[PROBLEM REQUIREMENTS] All entries below are to be reproduced precisely as they stand, without the pictures.

··· SUPPLIED ENTRIES

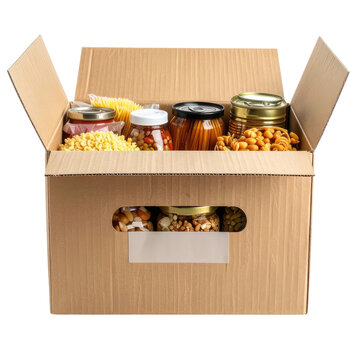 Cardboard box overflowing with various canned and packaged food items, open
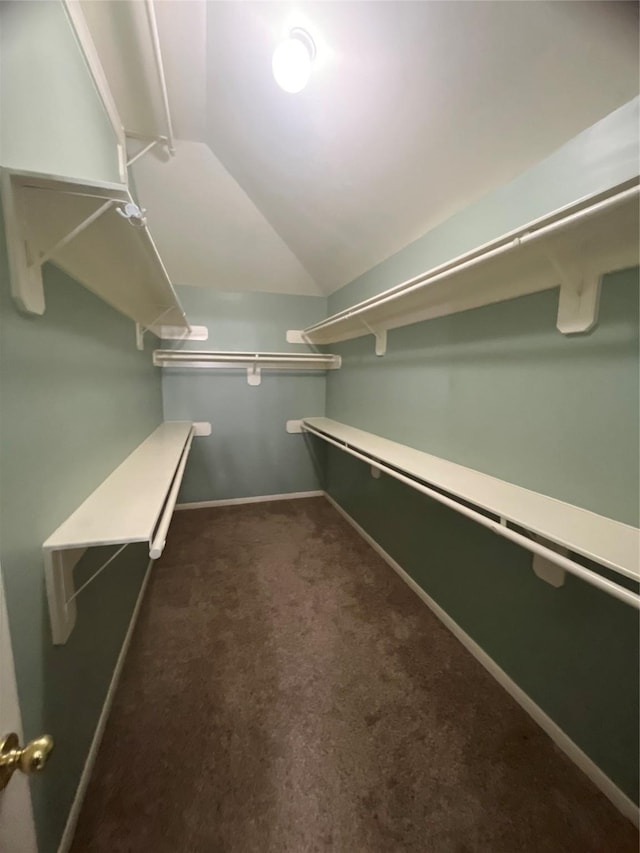 spacious closet with dark colored carpet and vaulted ceiling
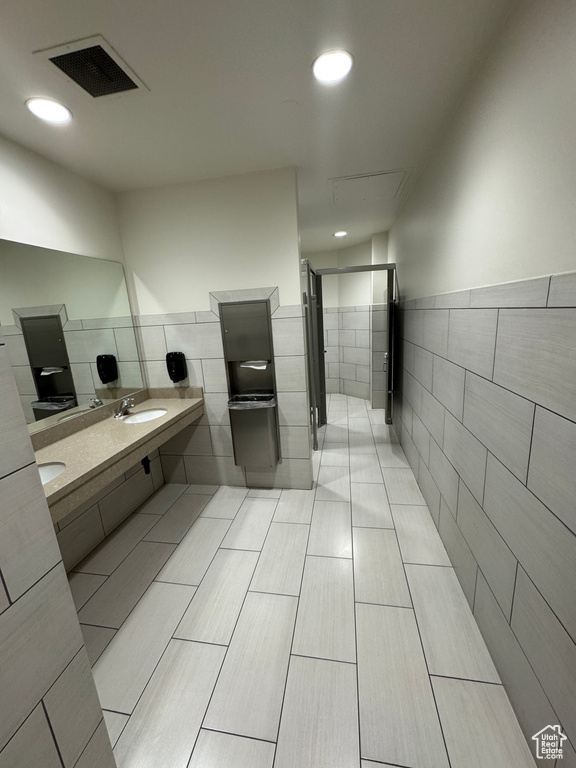 Full bathroom with double vanity, visible vents, tile walls, a stall shower, and a sink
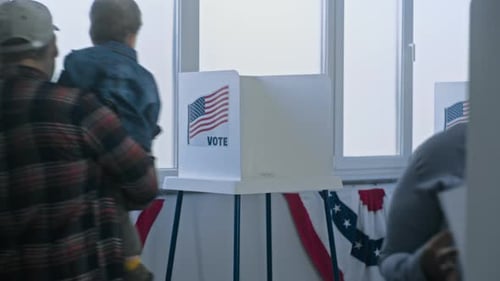 Diverse American Citizens Come to Vote in Polling Station Office
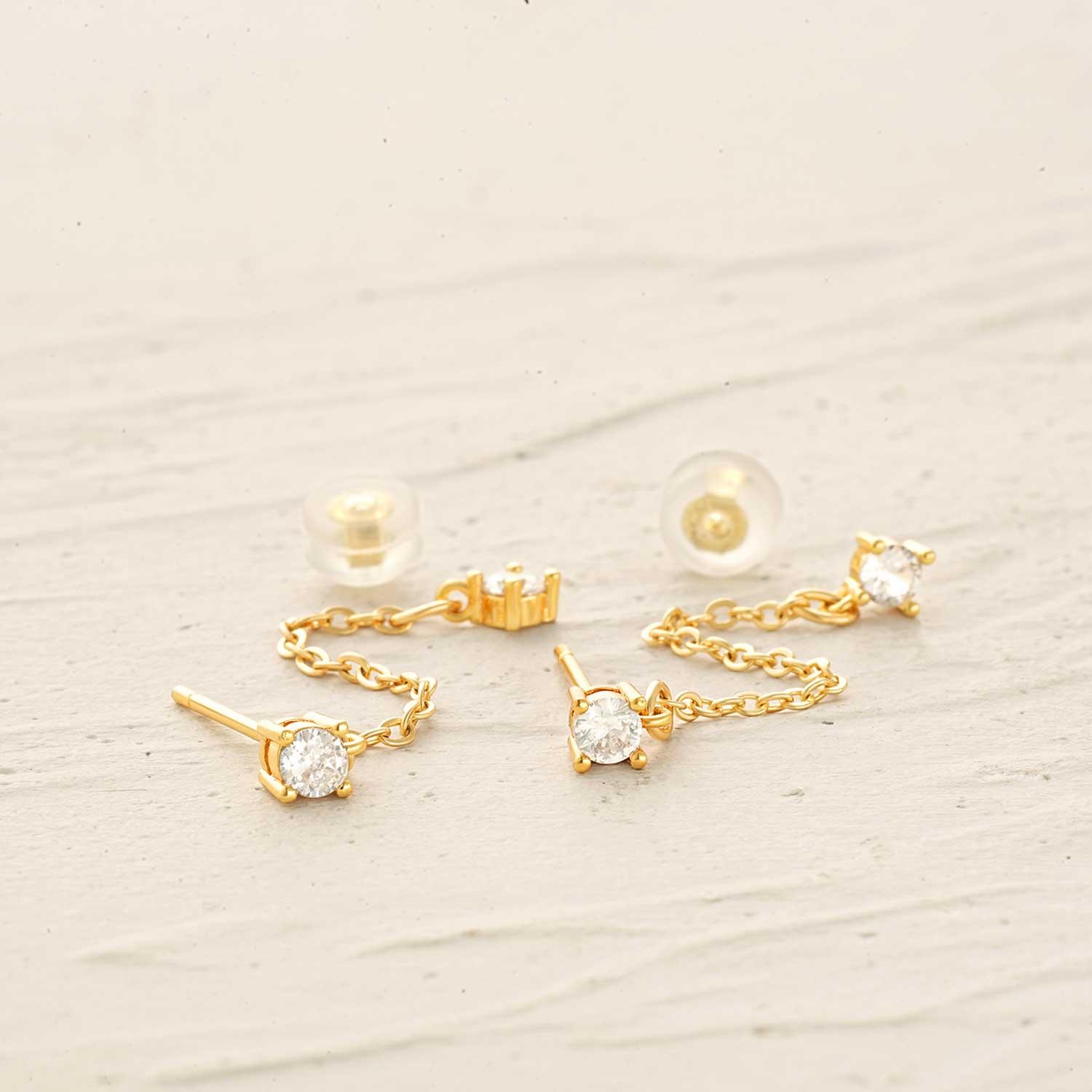 Detailed close-up of MYEARS Diamond Dangle Chain stud earrings, showcasing gold finish and sparkling design
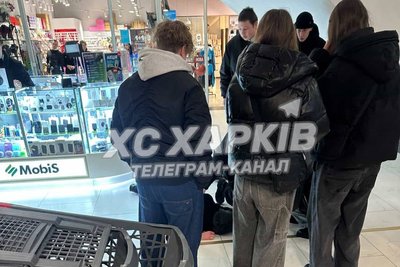 Молоді люди, які стоять біля 22-річного чоловіка, що впав з ескалатора у ТЦ "НІкольський", 14 лютого 2026 року Молоді люди, які стоять біля 22-річного чоловіка, що впав з ескалатора у ТЦ "НІкольський", 14 лютого 2026 року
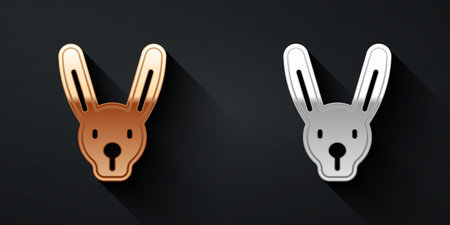 Gold and silver Rabbit with ears icon isolated on black background. Magic trick. Mystery entertainment concept. Long shadow style. Vectorのイラスト素材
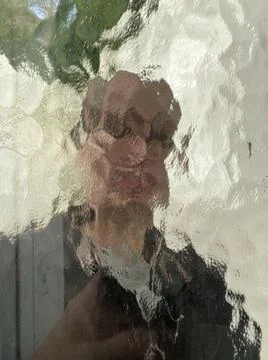 Face in wavy pattern glass window with blurred and distorted face concept  Stock Photos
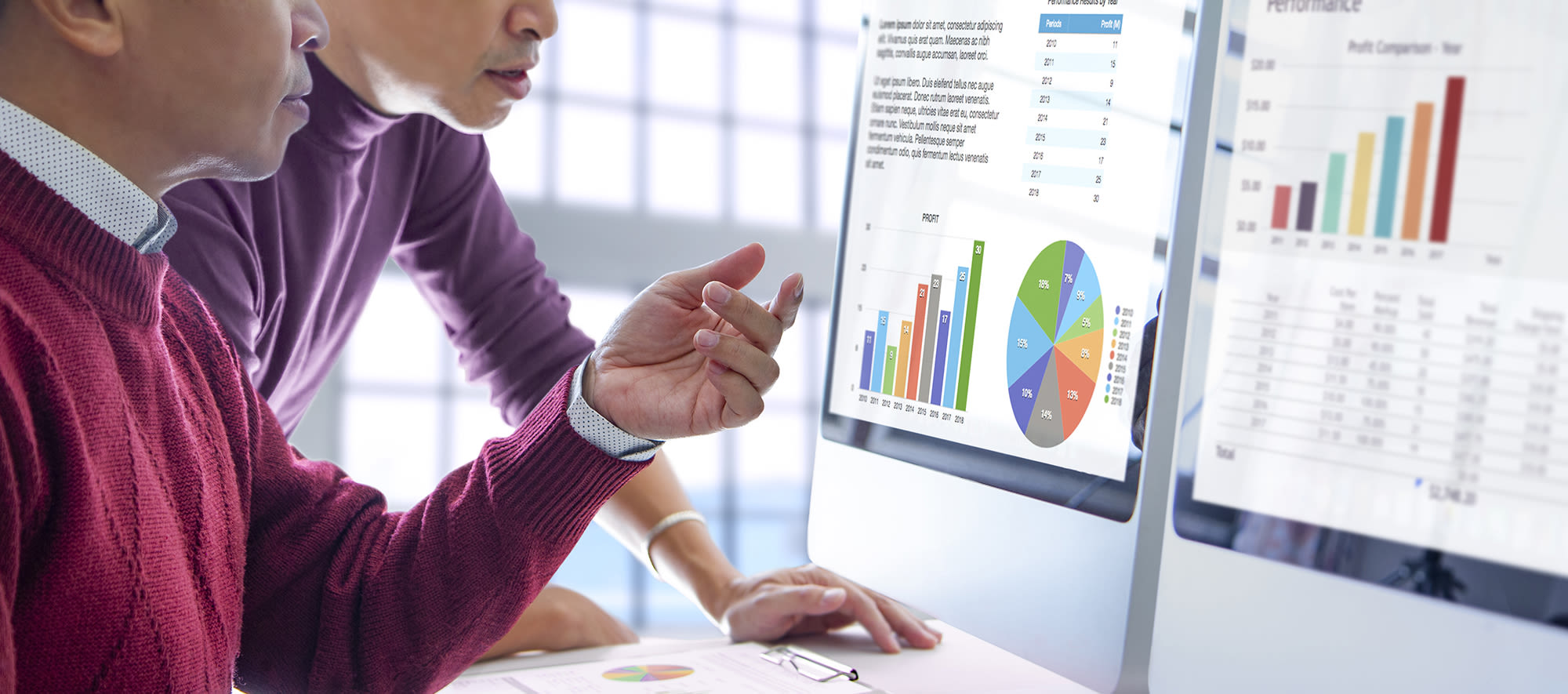 People looking at graphs on a computer for a contingency funding plan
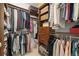 Custom walk-in closet featuring ample storage and organization with dual hanging rods and built-in drawers at 3630 Peachtree Ne Rd # 2309, Atlanta, GA 30326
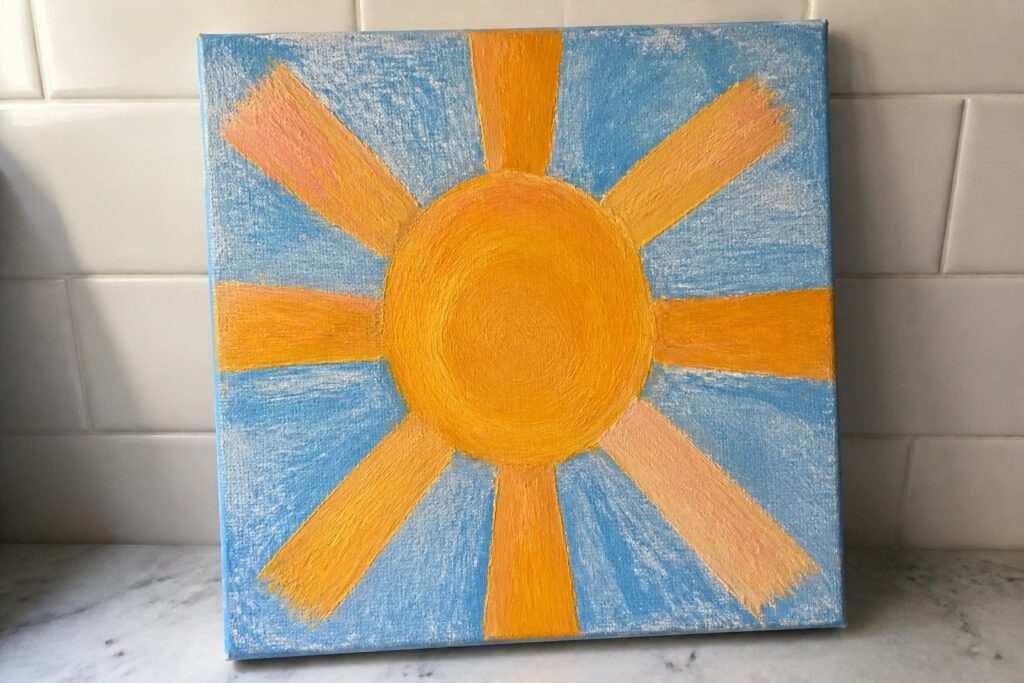 Vibrant canvas painting of yellow sun with orange rays on blue sky background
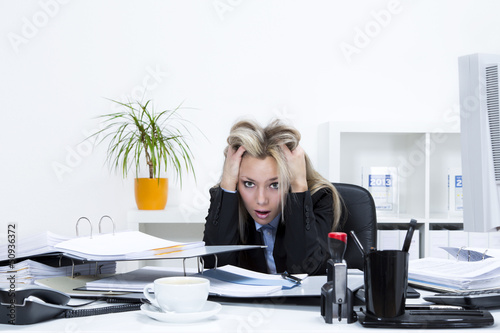 Gestresste Frau im Büro am Schreibtisch photo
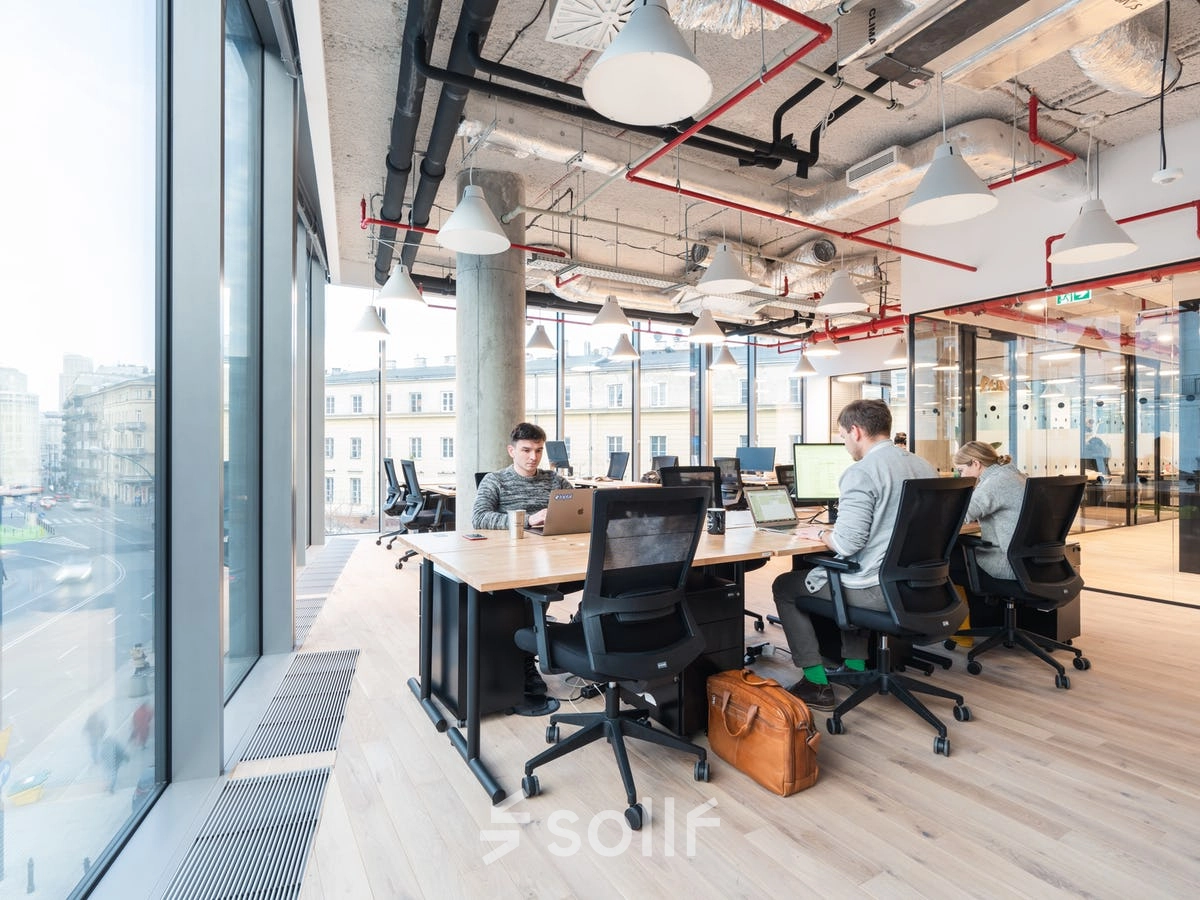 Modern workspace at Krucza 50, Warsaw Śródmieście, featuring large windows and professionals engaged in business activities. Ideal office space rental opportunity with sleek interiors.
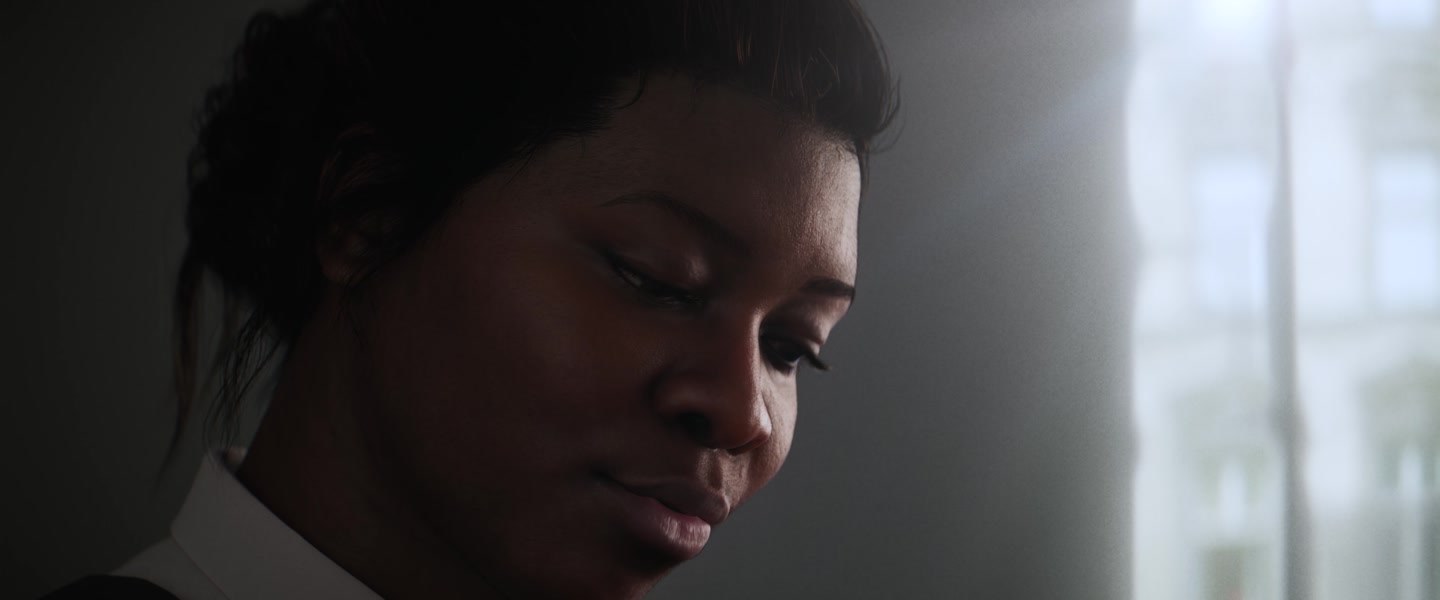 Close-up of a Recall character in soft window light, finished in Nuke with shallow depth of field and lens effects
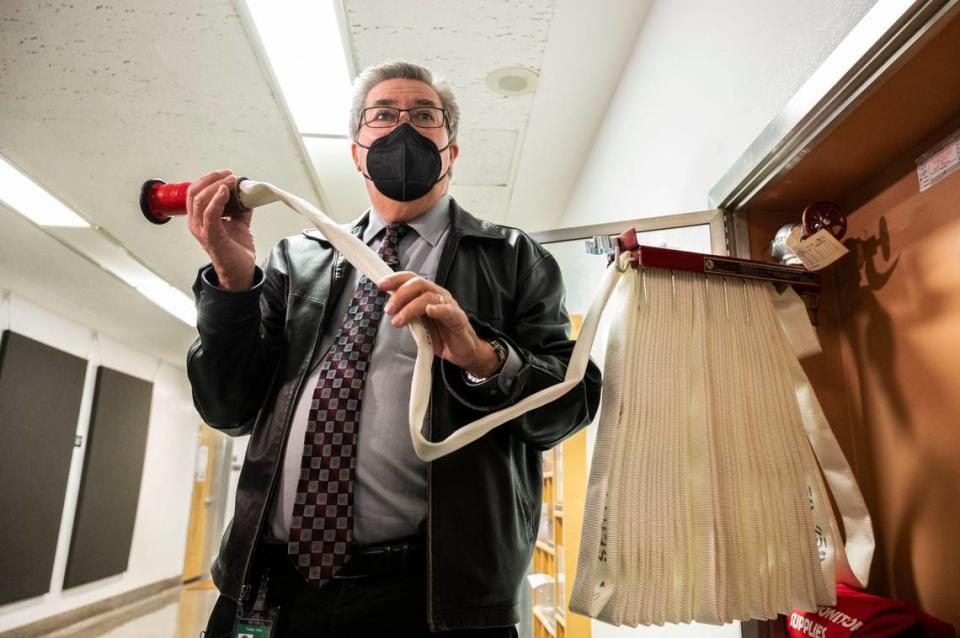 Assemblyman Ken Cooley, chair of the Joint Rules Committee holds a fire hose in the California State Capitol annex which he said is an example of outdated technology in the building. Cooley gave members of the press a tour of the old annex and the new Swing Space building on Wednesday.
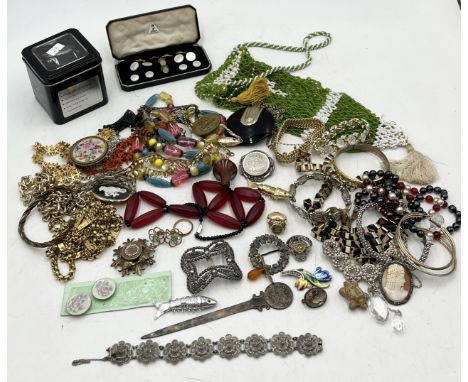 A collection of assorted vintage and fashion costume jewellery to include Monet gold-tone chains etc.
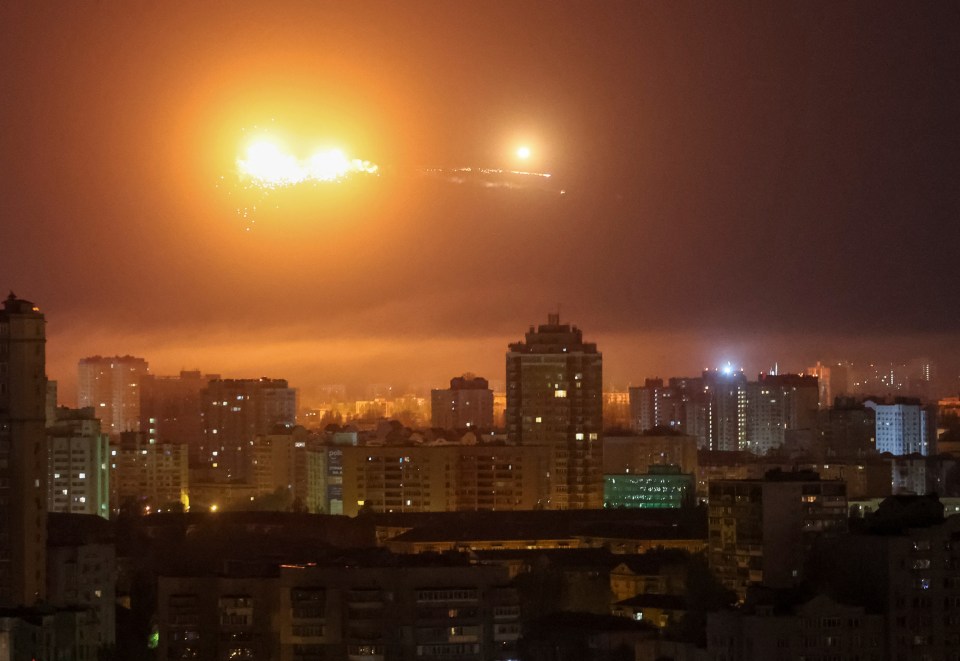 Missile exploding over a city at night.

······

[EXERCISE RESPONSE]
 Cardboard box overflowing with various canned and packaged food items, open
 spacious closet with dark colored carpet and vaulted ceiling
 Full bathroom with double vanity, visible vents, tile walls, a stall shower, and a sink
 Diverse American Citizens Come to Vote in Polling Station Office
 Detailed close-up of MYEARS Diamond Dangle Chain stud earrings, showcasing gold finish and sparkling design
 Молоді люди, які стоять біля 22-річного чоловіка, що впав з ескалатора у ТЦ "НІкольський", 14 лютого 2026 року Молоді люди, які стоять біля 22-річного чоловіка, що впав з ескалатора у ТЦ "НІкольський", 14 лютого 2026 року
 Gold and silver Rabbit with ears icon isolated on black background. Magic trick. Mystery entertainment concept. Long shadow style. Vectorのイラスト素材
 Face in wavy pattern glass window with blurred and distorted face concept  Stock Photos
 People looking at graphs on a computer for a contingency funding plan
 Custom walk-in closet featuring ample storage and organization with dual hanging rods and built-in drawers at 3630 Peachtree Ne Rd # 2309, Atlanta, GA 30326
 Vibrant canvas painting of yellow sun with orange rays on blue sky background
 Gestresste Frau im Büro am Schreibtisch photo
 Modern workspace at Krucza 50, Warsaw Śródmieście, featuring large windows and professionals engaged in business activities. Ideal office space rental opportunity with sleek interiors.
 Close-up of a Recall character in soft window light, finished in Nuke with shallow depth of field and lens effects
 Assemblyman Ken Cooley, chair of the Joint Rules Committee holds a fire hose in the California State Capitol annex which he said is an example of outdated technology in the building. Cooley gave members of the press a tour of the old annex and the new Swing Space building on Wednesday.
 A collection of assorted vintage and fashion costume jewellery to include Monet gold-tone chains etc.
 Missile exploding over a city at night.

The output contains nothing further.